*** Record set ***
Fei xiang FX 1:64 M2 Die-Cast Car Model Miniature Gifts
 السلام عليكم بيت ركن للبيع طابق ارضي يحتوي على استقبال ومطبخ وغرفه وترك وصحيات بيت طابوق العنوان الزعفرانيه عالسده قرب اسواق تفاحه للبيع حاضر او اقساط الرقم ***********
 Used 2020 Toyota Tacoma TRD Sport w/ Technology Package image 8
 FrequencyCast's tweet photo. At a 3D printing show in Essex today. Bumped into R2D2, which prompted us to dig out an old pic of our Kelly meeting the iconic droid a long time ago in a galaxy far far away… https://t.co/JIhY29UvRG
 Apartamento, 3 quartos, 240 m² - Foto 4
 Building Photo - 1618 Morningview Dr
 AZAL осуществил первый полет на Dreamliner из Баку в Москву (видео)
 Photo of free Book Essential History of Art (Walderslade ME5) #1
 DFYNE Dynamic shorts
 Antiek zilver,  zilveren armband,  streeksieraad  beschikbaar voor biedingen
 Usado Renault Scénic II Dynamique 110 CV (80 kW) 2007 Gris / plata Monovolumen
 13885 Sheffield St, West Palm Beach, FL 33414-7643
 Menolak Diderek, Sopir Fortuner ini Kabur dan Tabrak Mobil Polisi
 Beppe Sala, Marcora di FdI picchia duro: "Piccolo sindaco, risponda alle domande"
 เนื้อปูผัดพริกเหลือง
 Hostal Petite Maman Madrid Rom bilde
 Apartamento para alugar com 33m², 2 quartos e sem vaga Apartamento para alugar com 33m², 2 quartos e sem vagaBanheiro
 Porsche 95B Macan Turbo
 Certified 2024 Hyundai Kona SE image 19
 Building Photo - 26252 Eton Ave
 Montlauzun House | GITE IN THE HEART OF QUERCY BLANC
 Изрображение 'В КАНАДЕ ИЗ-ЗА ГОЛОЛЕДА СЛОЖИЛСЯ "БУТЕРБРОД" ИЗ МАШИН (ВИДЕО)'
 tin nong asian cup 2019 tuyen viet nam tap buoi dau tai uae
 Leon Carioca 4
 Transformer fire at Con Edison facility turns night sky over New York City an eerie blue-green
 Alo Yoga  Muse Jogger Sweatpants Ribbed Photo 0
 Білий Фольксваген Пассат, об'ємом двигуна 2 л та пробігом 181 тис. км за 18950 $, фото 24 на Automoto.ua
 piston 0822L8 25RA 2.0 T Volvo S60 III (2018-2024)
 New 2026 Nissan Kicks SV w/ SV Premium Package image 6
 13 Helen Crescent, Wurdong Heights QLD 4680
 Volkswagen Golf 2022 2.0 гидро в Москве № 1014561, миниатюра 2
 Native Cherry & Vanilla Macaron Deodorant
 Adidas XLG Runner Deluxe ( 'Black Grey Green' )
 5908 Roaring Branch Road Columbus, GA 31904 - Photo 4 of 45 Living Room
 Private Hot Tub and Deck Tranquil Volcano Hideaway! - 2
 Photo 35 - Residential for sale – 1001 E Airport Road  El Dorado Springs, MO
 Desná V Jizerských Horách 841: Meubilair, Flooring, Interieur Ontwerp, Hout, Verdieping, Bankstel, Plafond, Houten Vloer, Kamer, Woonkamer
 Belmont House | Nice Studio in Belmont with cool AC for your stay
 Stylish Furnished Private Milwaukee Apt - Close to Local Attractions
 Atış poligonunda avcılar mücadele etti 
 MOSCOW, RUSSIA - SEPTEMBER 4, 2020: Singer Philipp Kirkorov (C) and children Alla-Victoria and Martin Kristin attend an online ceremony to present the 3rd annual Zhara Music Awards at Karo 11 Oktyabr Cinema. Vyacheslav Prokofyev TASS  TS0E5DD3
*** End of Record set ***
> [Work required]: Only the lines above starting with the one with "เนื้อปูผัดพริกเหลือง" and going through the one with "Stylish Furnished Private" are to be copied, word for word and with both ends kept.

> [Answer to the problem]:
 เนื้อปูผัดพริกเหลือง
 Hostal Petite Maman Madrid Rom bilde
 Apartamento para alugar com 33m², 2 quartos e sem vaga Apartamento para alugar com 33m², 2 quartos e sem vagaBanheiro
 Porsche 95B Macan Turbo
 Certified 2024 Hyundai Kona SE image 19
 Building Photo - 26252 Eton Ave
 Montlauzun House | GITE IN THE HEART OF QUERCY BLANC
 Изрображение 'В КАНАДЕ ИЗ-ЗА ГОЛОЛЕДА СЛОЖИЛСЯ "БУТЕРБРОД" ИЗ МАШИН (ВИДЕО)'
 tin nong asian cup 2019 tuyen viet nam tap buoi dau tai uae
 Leon Carioca 4
 Transformer fire at Con Edison facility turns night sky over New York City an eerie blue-green
 Alo Yoga  Muse Jogger Sweatpants Ribbed Photo 0
 Білий Фольксваген Пассат, об'ємом двигуна 2 л та пробігом 181 тис. км за 18950 $, фото 24 на Automoto.ua
 piston 0822L8 25RA 2.0 T Volvo S60 III (2018-2024)
 New 2026 Nissan Kicks SV w/ SV Premium Package image 6
 13 Helen Crescent, Wurdong Heights QLD 4680
 Volkswagen Golf 2022 2.0 гидро в Москве № 1014561, миниатюра 2
 Native Cherry & Vanilla Macaron Deodorant
 Adidas XLG Runner Deluxe ( 'Black Grey Green' )
 5908 Roaring Branch Road Columbus, GA 31904 - Photo 4 of 45 Living Room
 Private Hot Tub and Deck Tranquil Volcano Hideaway! - 2
 Photo 35 - Residential for sale – 1001 E Airport Road  El Dorado Springs, MO
 Desná V Jizerských Horách 841: Meubilair, Flooring, Interieur Ontwerp, Hout, Verdieping, Bankstel, Plafond, Houten Vloer, Kamer, Woonkamer
 Belmont House | Nice Studio in Belmont with cool AC for your stay
 Stylish Furnished Private Milwaukee Apt - Close to Local Attractions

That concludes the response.